Valutare il sistema di protezione sociale per le persone con disabilità in Italia e comprendere l’interazione tra le politiche nazionali (per lo più vari tipi di prestazioni sociali) e le politiche regionali e locali (per lo più prestazioni in natura e servizi) è difficile, per due motivi: in primo luogo, a causa della complessità del sistema – che rappresenta una sfida per le persone con disabilità – e in secondo luogo, a causa della mancanza di prove in tutti i settori per misurare l’efficacia e l’efficienza delle politiche per la disabilità in atto. È quindi difficile valutare l’impatto effettivo e le prestazioni del sistema. Le conclusioni e le raccomandazioni politiche si basano quindi su prove limitate, molto parziali e spesso aneddotiche.

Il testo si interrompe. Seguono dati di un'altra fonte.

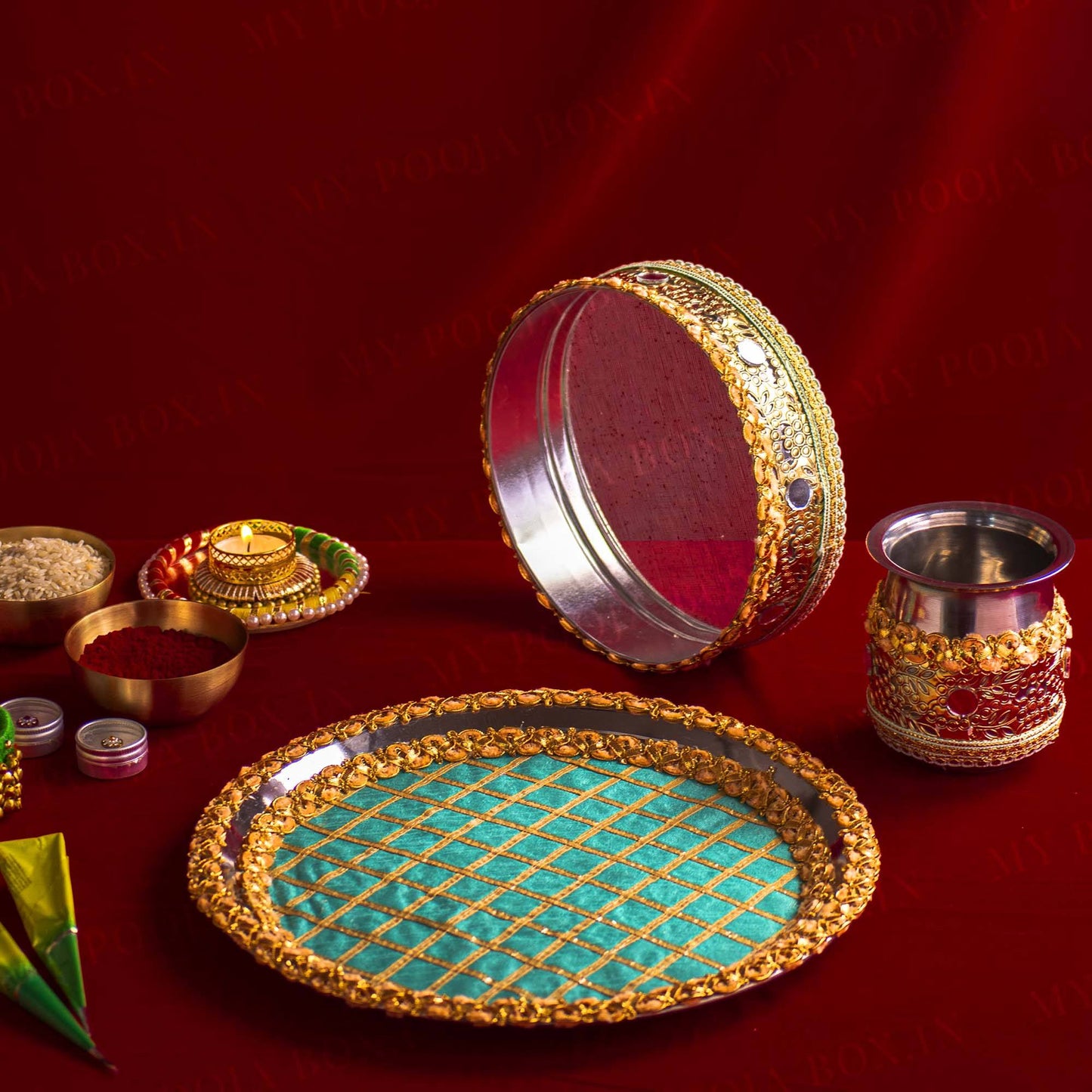 Lush Blue & Gold Karwa Chauth Thali Set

Sembra che le prestazioni di disabilità e i servizi per la disabilità disponibili in Italia siano abbastanza completi, con una serie di pagamenti contributivi e non contributivi per coprire la perdita di reddito e i costi aggiuntivi legati alla disabilità di una persona e, allo stesso modo, un ventaglio completo di interventi forniti dalle autorità comunali di assistenza sociale, dalle autorità sanitarie regionali e dai servizi per l’impiego per rispondere alle diverse esigenze delle persone con disabilità. In apparenza, non vi è alcuna indicazione di una particolare lacuna nei servizi o di una mancanza di servizi comunemente disponibili in altri Paesi dell’OCSE. Tuttavia, al di là di questa osservazione generale, ci sono diverse questioni importanti di potenziale preoccupazione.

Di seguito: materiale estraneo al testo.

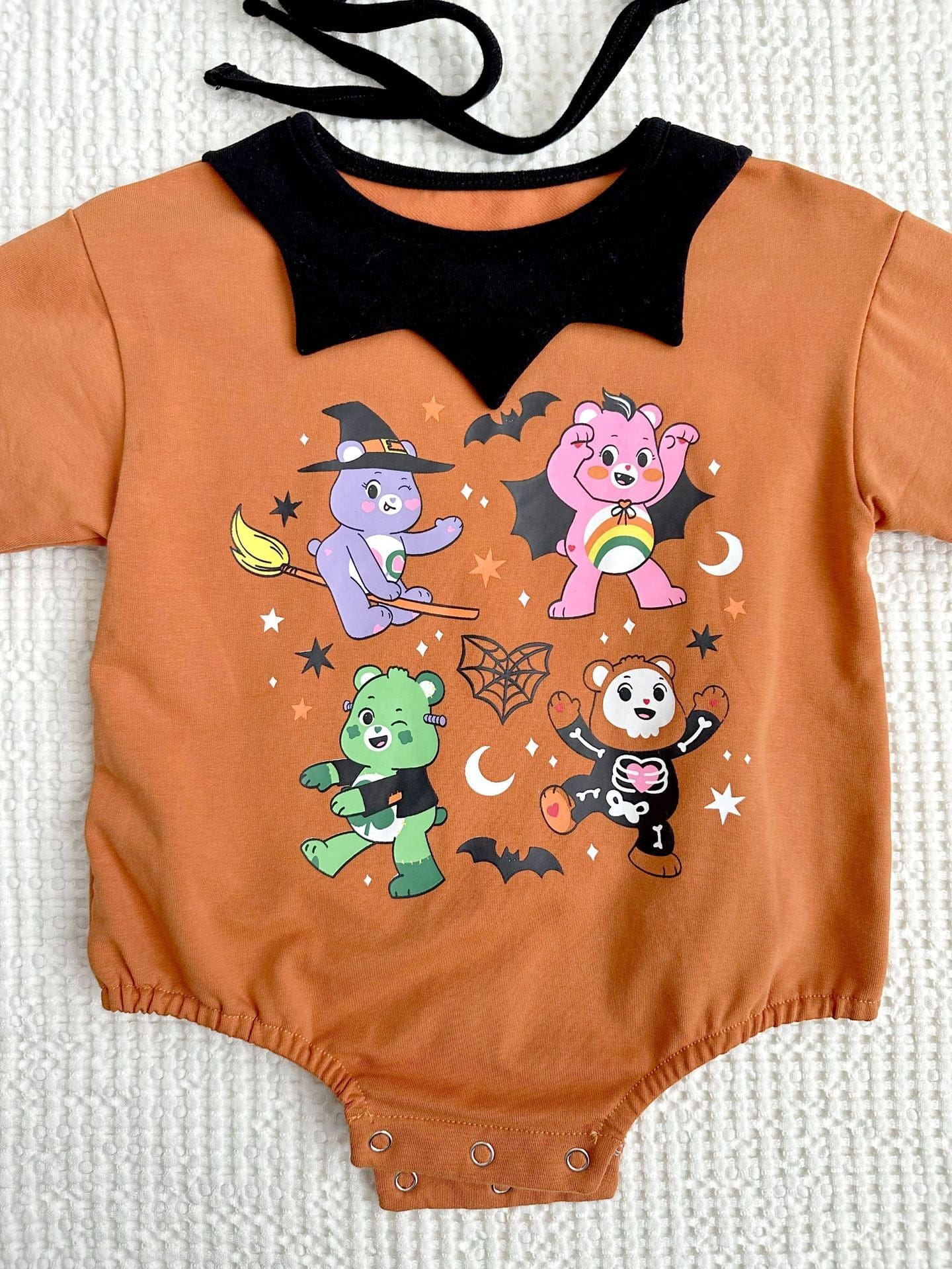 長袖ロンパース ハロウィンコスチューム ベアくまプリントパンプキンロンパース帽子セット【mh0010554】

I dati comparativi tra Paesi mostrano che la spesa sociale pubblica per le politiche sulla disabilità in Italia è ben al di sotto della media OCSE e che la maggior parte della spesa viene utilizzata per le prestazioni di invalidità. La legge delega prevede che tutti i cambiamenti debbano rimanere all’interno dell’attuale dotazione di bilancio. La ristrutturazione, la semplificazione e l’unificazione della valutazione della disabilità dovrebbero rendere il sistema più efficiente e liberare risorse. Tuttavia, nel lungo periodo il livello di spesa per la disabilità potrebbe non essere sufficiente per realizzare il passaggio previsto a un approccio più personalizzato alla disabilità, basato su piani di vita individuali e incentrato sull’autosufficienza. Già oggi, molte persone con disabilità in Italia non hanno accesso al supportoe con una maggiore attenzione al funzionamento nella valutazione della disabilità, questo gruppo potrebbe rivelarsi più numeroso di quanto si sappia attualmente.

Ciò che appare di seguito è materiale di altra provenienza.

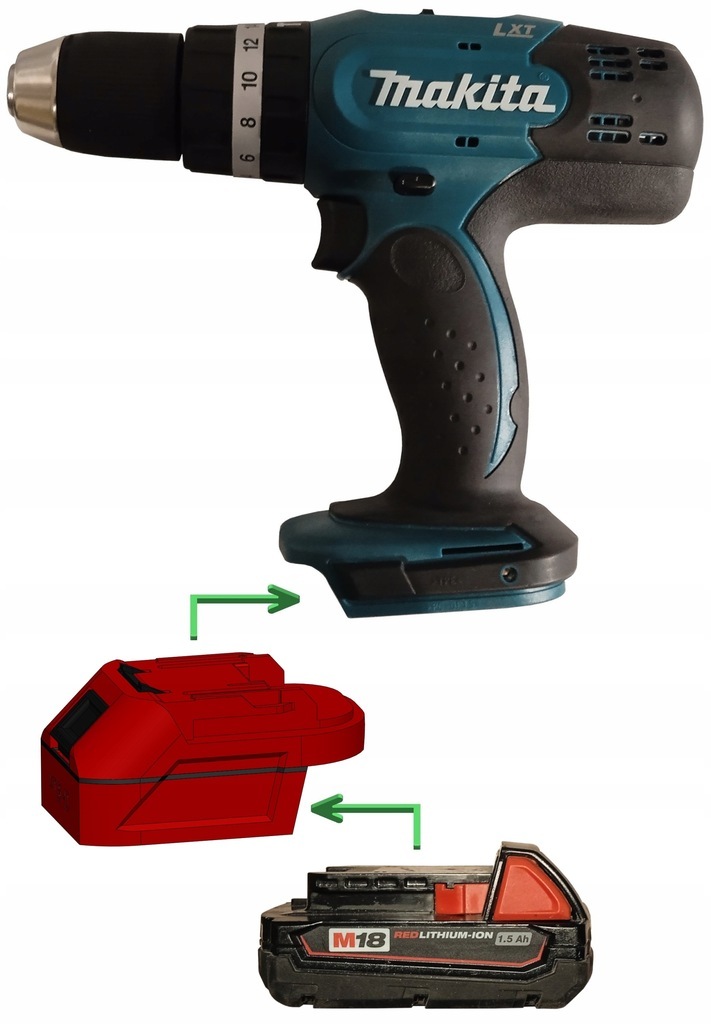 #NIEUW# Adapter Milwaukee M18 18V naar de 18V LXT serie elektrisch gereedschap van Makita #NIEUW# Adapter Milwaukee M18 18V naar de 18V LXT serie elektrisch gereedschap van Makita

L’adeguatezza dei pagamenti per la disabilità e dei servizi forniti in Italia è difficile da valutare, in quanto dipende molto dal pacchetto di supportoche le persone ricevono – un’area su cui si sa molto poco. Il livello dei pagamenti di invalidità non contributivi è molto basso, ad esempio, ma molte persone ricevono pagamenti aggiuntivi, come l’indennità di accompagnamento, per coprire le loro esigenze e i loro costi. I dati sulle fonti di reddito delle famiglie italiane suggeriscono che le persone con disabilità fanno affidamento sulle prestazioni sociali in misura maggiore rispetto alla media dell’OCSE Europa. Tuttavia, questo risultato è determinato da prestazioni diverse da quelle di disabilità, tra cui i pagamenti per il pensionamento (anticipato), le indennità di disoccupazione e l’assistenza sociale. I livelli di povertà in Italia per le famiglie in cui vivono persone con disabilità sono paragonabili a quelli di altri Paesi e a quelli delle persone senza disabilità. In Italia, contrariamente ad altri Paesi, il sistema di prestazioni più ampio (non solo le prestazioni di invalidità) sembra ridurre i rischi di povertà più per le persone con disabilità che per le altre persone.

L’adeguatezza dei servizi per la disabilità disponibili in Italia è ancora più difficile da valutare, mancando informazioni sistematiche sul numero di utenti dei servizi e sul numero di persone in attesa o bisognose di servizi, ma che attualmente non ne ricevono. I dati limitati disponibili suggeriscono che la spesa pro-capite per gli utenti dei servizi è piuttosto elevata, sia per i servizi di assistenza domiciliare e per i servizi volti a migliorare l’autosufficienza, sia per i servizi per l’impiego introdotti di recente. Il numero di utenti di questi servizi, tuttavia, è molto basso rispetto al gruppo potenziale di utenti, comunque definito. L’Italia sembra quindi affrontare una sfida di accesso, non una sfida di generosità, in quanto coloro che possono accedere ai servizi sembrano ben supportati.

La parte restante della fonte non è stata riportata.